The position at the appellate level was subsequently considered in Desa Tiasa Sdn Bhd v CME Group Bhd & Anor [2026] 1 MLJ 431 (the Desa Tiasa case), decided on 15 December 2025, where the Court of Appeal answered the question in the negative.
That said, the position is not yet finally settled. As discussed further below, leave to appeal to the Federal Court has since been obtained by Bellajade, and the appeal remains pending.
Two provisions in the CRM Rules lie at the centre of this issue, namely Rules 13 and 2.
Rule 13 sets out the categories of parties entitled to appear and oppose a JM application at the hearing. The rule is limited to two classes of persons:
(a) A person entitled to appoint a receiver or receiver and manager over the company’s assets (typically a debenture holder); and
(b) A secured creditor. Unsecured creditors are notably absent from the list.
Meanwhile, rule 2 operates as a gap-filling provision. It provides that where the CRM Rules do not prescribe a specific procedure, the general Rules of Court 2012 (ROC 2012) shall apply. Relying on this provision, some courts had taken the view that the general right of intervention under the ROC 2012 could be imported into JM proceedings, thereby permitting unsecured creditors to participate on the basis that their legal interests may be affected by the outcome of the application.
The tension between these two provisions formed the central issue before the Court in the Desa Tiasa case.
On one hand, the High Court in Goldpage Assets Sdn Bhd v Unique Mix Sdn Bhd [2020] MLJU 723 took the view that Rule 13 was inconsistent with the Companies Act 2016 (CA 2016), which does not expressly prohibit creditors from being heard in JM proceedings. On that basis, the court held that Rule 13 was void to the extent of such inconsistency.
On the other hand, an earlier High Court decision had reached the opposite conclusion, although that decision was subsequently overturned on appeal by the Court of Appeal without written grounds being issued. This left the legal position in a state of considerable uncertainty prior to the Desa Tiasa case.

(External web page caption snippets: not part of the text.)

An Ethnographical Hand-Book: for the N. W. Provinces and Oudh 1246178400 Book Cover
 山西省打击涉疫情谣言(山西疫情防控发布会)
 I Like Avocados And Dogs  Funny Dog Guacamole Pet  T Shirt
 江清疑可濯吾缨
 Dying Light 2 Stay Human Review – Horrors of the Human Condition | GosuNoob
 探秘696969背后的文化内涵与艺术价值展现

Decision Of The Court of Appeal
The facts in the Desa Tiasa case illustrate why this issue carries significant practical implications.
Bellajade Sdn Bhd (Bellajade), a creditor of CME Group Bhd (CME), had obtained judgment against CME for the sum of RM6,364,256.85 and subsequently filed a winding-up petition against the company. However, before the winding-up petition could proceed, Desa Tiasa Sdn Bhd (Desa Tiasa) applied to place CME under judicial management. The filing of the JM application effectively stayed or suspended the progress of the winding-up proceedings.
In response, Bellajade applied to intervene in the JM proceedings in order to protect its interests as a judgment creditor and petitioner in the winding-up proceedings. The High Court allowed Bellajade’s intervention. Desa Tiasa then appealed.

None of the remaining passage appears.